Q. How important is modern winemaking equipment in your winemaking ?
“ Not really important. To have whatever equipment in working condition and to have all equipment sterilised after working is more important. And, of course, adequate cooling for cooler fermentations.”
Q. You say you never really worked under a winemaker. How come ?
“When I graduated in 1995 I commenced my winemaking career at Niel Joubert Wines in Paarl as Chief Winemaker !”
Q And then ?
“I accepted a challenging appointment in 1998 at Moreson in Franschhoek. It was here I that I gained most of my winemaking experience and began to travel the world.”
Q. When did you move to Rijks ?
“After experience in Paarl and Franschhoek I headed for Rijks in Tulbagh and into totally unknown territory in 2002.”

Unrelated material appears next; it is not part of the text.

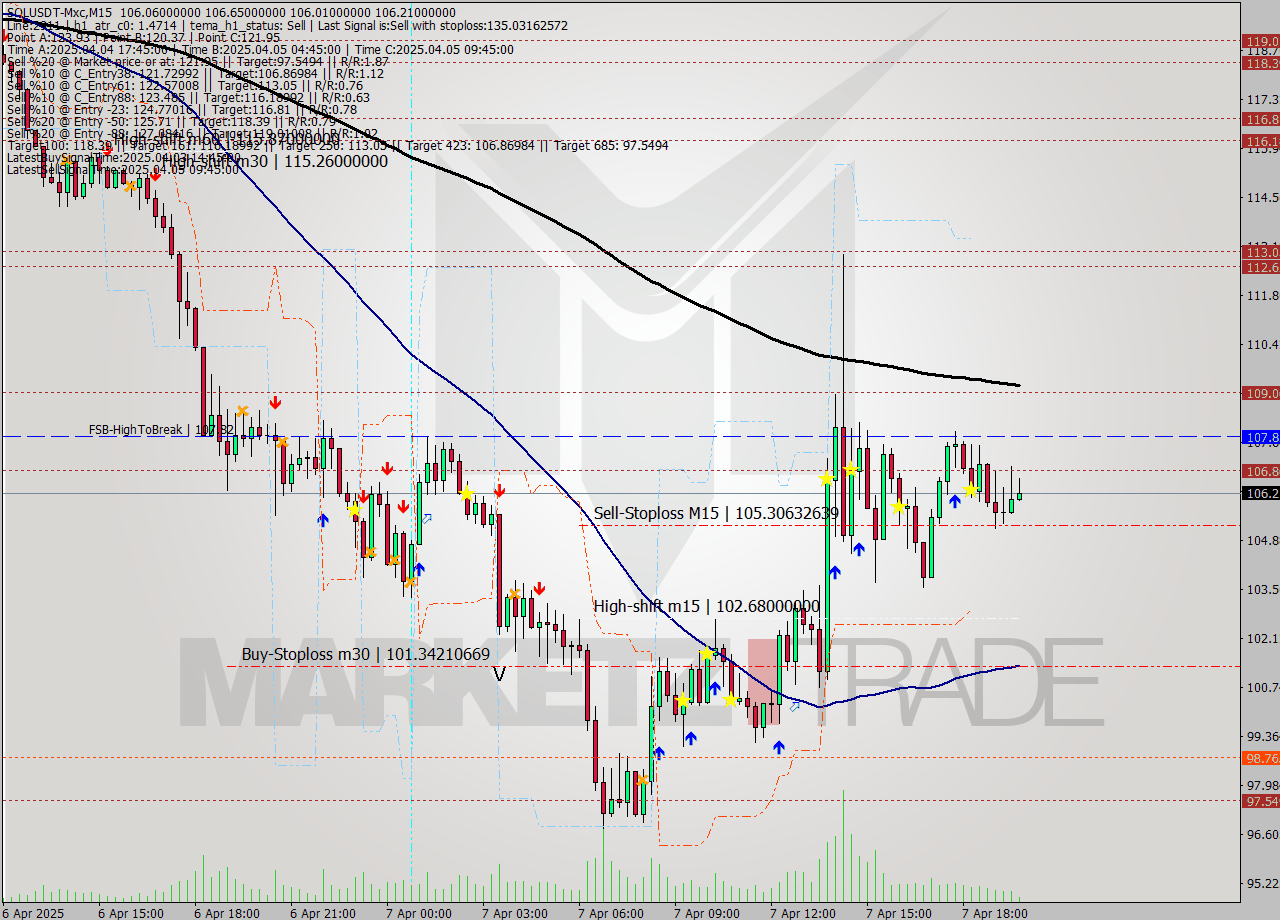 SOLUSDT-Mxc M15 Analysis SOLUSDT-Mxc M15 Signal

Q. You have helped other cellars ?
“Yes , during the past 14 years at Rijk’s I have consulted for various wineries in the Tulbagh area in an effort to improve all the wines of the area. During this time I won numerous awards and then in 2007 I went to the Northern Rhone in France to work for a vintage to gain a different perspective.” He carried on “Despite the French visit I believe to this day that my wines have a unique signature which is a direct result of never being an assistant and working under prescribed winemaking conditions.”
Q. To wrap up ?”
“When Rijks started out in 2000 we made wine from10 different cultivars. In 2006 we took out all but Chenin Blanc, Pinotage and Shiraz. We believe that by doing that we can keep on being consistent in making quality wines and become one of the icons in the South African wine industry.”